В этой связи припомним более близкую нам историю с Михаилом Афанасьевичем Булгаковым. Он отдает перед смертью Елене Сергеевне папку рецензий, писанных в разное время профессиональными критиками на его сочинения, и говорит: «Возьми и запомни имена людей, которые меня убили». Заметьте, не Сталин, не эпоха. Конкретные люди конкретной профессии, зачастую накрепко связанные друг с другом круговой порукой собственного ничтожества…
Даже если художник не прав, он все равно художник. Гениально определил неправоту художника тот же Толстой — «энергия заблуждения». Пусть он тысячу раз заблуждается, но его заблуждения часто исполнены необычайной энергетической силы, они — достояние культуры, а вовсе не материал для досужих литературных упражнений людей, лишенных и энергии прозрения, и энергии заблуждения.
Хорош ли, плох ли Сергей Федорович Бондарчук — вопрос отдельный. У меня свое к нему отношение, у других — свое. Но, отравляя ему последние годы жизни, критики, пока не убили его вовсе насмерть, не унесли на кладбище, не закопали, все не успокаивались. А ведь второго такого мастера в мировом батальном кинематографе не было, нет и никогда больше не будет — глубинное, истинно толстовское понимание боя, человека в бою, психологии поражения и психологии победы. Род Стайгер, гениально сыгравший Наполеона.
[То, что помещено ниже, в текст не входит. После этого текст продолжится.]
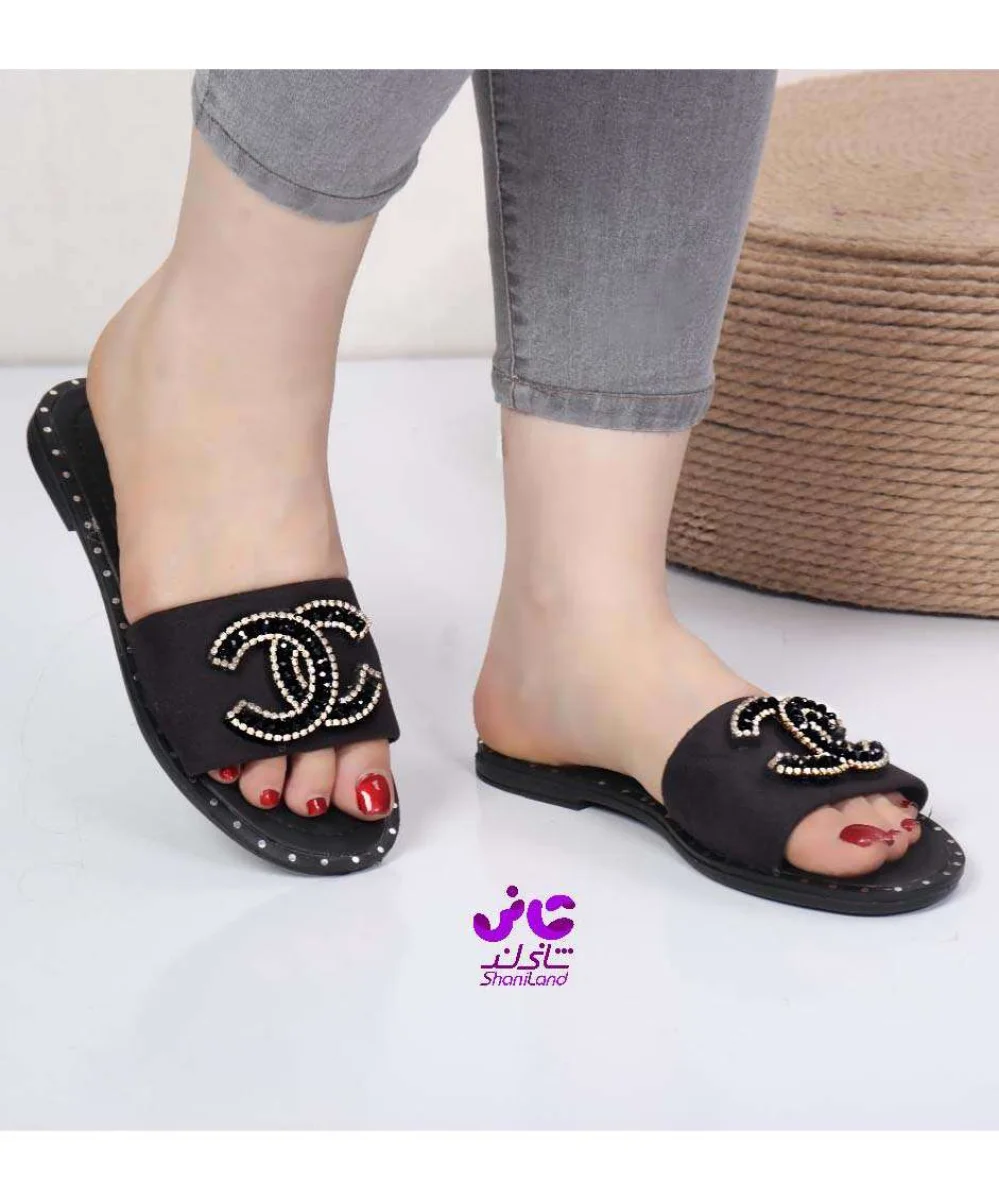 صندل شنل مرواریدی کد 26149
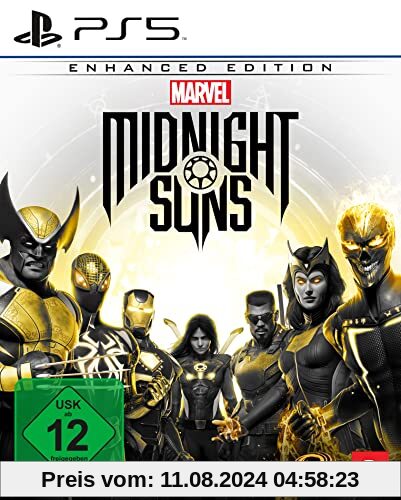 Marvel’s Midnight Suns Enhanced Edition [Playstation 5] von 2K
Роль, охватившая собой всю сложнейшую философию фундаментальных понятий — «победа», «поражение». «Ватерлоо» — картина особого масштаба…
Вот стоит на книжной полке рядом с Пушкиным и Толстым скромная «Книга отражений» Иннокентия Анненского, великолепного русского поэта и рядового учителя русской словесности в царскосельской гимназии, которому хотелось всерьез объяснить себе и детям, что хорошо и что дурно, откуда эта таинственная великая очарованность руского литературного слова… Не поленитесь, перечитайте, какой это целомудреннейший подвиг любви и обожания! Каждый раз открывая эту книгу, блаженно ощущаешь, как в голове и в душе все становится на свое, Богом определенное место.